Siapa Whitesnake? Inilah satu dari sedikit saja grup yang pantas disebut sebagai penerus sejati hard rock yang kental dengan elemen blues. David Coverdale mendirikan Whitesnake pada 1977.
Melalui album yang dirilis pada April lalu ini, Whitesnake tidak hanya mengisi kembali diskografinya yang kosong melompong oleh karya studio selama 10 tahun. Namun, mereka juga membuktikan dua hal: bahwa musik yang mereka mainkan, yang bersandar sepenuhnya pada motif gitar (riff) nan megah dan seksi, sesungguhnya tak pernah usang; dan bahwa dari tangan merekalah bisa lahir sederet lagu yang mengentak, melodik, sekaligus anthemic, bisa untuk menyanyi beramai-ramai.
Semua elemen itu sudah seketika terasa di lagu pembuka, Best Years. Diawali petikan gitar yang bluesy, liukan dan lekukan lagu ini sungguh tak tertahankan. Vokal Coverdale tetap bertenaga, walau mungkin pada kunci yang lebih rendah.
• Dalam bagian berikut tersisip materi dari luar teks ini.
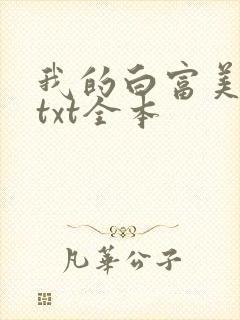 我的白富美老婆txt全本封面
Inilah pembuka yang lebih dari sekadar memenuhi ekspektasi. Lagu-lagu lainnya, dengan sisipan balada di sana-sini, termasuk Summer Rain yang elok, merupakan kombinasi yang seperti membayar lunas janji pada lagu pertama itu.
Tak salah bila timbul kesan di kalangan penggemar yang mengikuti perjalanan Whitesnake bahwa album ini seperti gado-gado yang sempurna dari karya-karya penting Whitesnake di masa lalu--di sana-sini juga seperti terdengar Coverdale-Page. Coverdale sendiri, yang dalam formasi kali ini didukung antara lain oleh duet gitaris Doug Aldrich dan Reb Beach, menyebutnya sebagai sebuah "koktail".
Mau disebut apa pun, album ini lebih pas berjudul Good to Be Back.